33 - PERDA DO SENSO DE HUMOR

A capacidade para manter o senso de humor nas mais variadas oportunidades resulta do amadurecimento psicológico, propiciador da aquisição de valores relevantes para o perfeito equilíbrio existencial.

Poder encarar as situações vexatórias sem revolta nem autocompaixão, considerando-as fenômenos naturais do processo evolutivo; identificar-se humano e passível de todas as ocorrências; aceitar com bom humor os acontecimentos inusitados e permitir-se sorrir de si mesmo, dos equívocos cometidos e dispondo-se a repará-los, constituem conquistas do auto-amor.

O amor, no seu elenco imenso de expressões, sustenta o senso de humor, facultando ao indivíduo possibilidades enriquecedoras, dentre as quais a alegria da vida como quer que esta se apresente, a compreensão das falhas alheias e próprias, a coragem para repetir as experiências fracassadas, até alcançar o êxito e, sobretudo, o preenchimento dos espaços íntimos com realizações edificantes.

A perda do senso de humor, entre outras causas, resulta do estresse e da amargura, do desgaste das emoções e do vazio existencial, colimando em condutas pessimistas, caracterizadas pela revolta sistemática, a agressividade diante de quaisquer incidentes, ou pelo desânimo, pelo desinteresse em torno das ocorrências.
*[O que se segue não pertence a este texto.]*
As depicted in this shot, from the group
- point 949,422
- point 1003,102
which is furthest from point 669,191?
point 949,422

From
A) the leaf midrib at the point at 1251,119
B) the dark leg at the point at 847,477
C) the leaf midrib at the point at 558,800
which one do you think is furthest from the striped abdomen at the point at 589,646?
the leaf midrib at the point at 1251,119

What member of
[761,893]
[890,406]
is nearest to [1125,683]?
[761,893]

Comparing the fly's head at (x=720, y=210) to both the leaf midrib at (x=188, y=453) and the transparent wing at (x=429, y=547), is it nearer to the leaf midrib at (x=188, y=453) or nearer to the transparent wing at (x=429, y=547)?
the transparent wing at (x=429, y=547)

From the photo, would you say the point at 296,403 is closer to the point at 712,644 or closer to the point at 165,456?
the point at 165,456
Descaracterizam-se então, os valores perante si mesmo, e as aspirações cedem lugar à acomodação rebelde, conspirando contra as estruturas íntimas.
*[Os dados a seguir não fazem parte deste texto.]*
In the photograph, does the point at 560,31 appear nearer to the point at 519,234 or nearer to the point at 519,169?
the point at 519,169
O senso de humor estimula ao prosseguimento dos objetivos, vencendo dificuldades e obstáculos com o otimismo de quem confia em si, nas próprias possibilidades e na capacidade de renovar-se para não estacionar. Trata-se de um parâmetro para aquilatar-se a condição em que se encontra e as disponibilidades ao alcance para vencer.
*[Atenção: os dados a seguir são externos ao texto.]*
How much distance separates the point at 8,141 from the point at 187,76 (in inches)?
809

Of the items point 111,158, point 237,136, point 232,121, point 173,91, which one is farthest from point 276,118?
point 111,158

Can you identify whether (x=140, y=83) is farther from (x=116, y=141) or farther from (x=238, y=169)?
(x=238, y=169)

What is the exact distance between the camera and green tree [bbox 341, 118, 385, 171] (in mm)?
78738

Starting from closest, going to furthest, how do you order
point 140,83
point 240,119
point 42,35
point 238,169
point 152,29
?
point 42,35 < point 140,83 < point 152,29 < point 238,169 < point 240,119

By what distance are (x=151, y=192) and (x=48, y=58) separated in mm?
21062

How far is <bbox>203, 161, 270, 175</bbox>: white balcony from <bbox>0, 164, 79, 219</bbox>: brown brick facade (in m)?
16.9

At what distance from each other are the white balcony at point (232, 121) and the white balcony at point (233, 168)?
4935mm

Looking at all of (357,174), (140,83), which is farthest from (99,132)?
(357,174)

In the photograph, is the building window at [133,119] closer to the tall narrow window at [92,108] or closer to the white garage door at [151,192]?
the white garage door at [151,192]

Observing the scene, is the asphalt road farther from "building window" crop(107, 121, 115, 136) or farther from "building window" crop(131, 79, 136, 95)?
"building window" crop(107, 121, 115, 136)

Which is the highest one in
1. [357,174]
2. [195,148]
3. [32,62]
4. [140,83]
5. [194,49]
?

A criança, porque ainda não impregnada dos vícios sociais e das lutas malsucedidas, expressa com naturalidade o seu senso de humor, de confiança nos adultos e nas coisas que a cercam. O discernimento advindo dos fatores domésticos e sociais altera-lhe essa faculdade espontânea tomando-a, às vezes, dissimuladora, interesseira, hábil na forma de conduzir-se para agradar.

É indispensável a aceitação do propósito de agradar-se também, desde que disso não decorra qualquer tipo de prejuízo para si ou para as demais pessoas.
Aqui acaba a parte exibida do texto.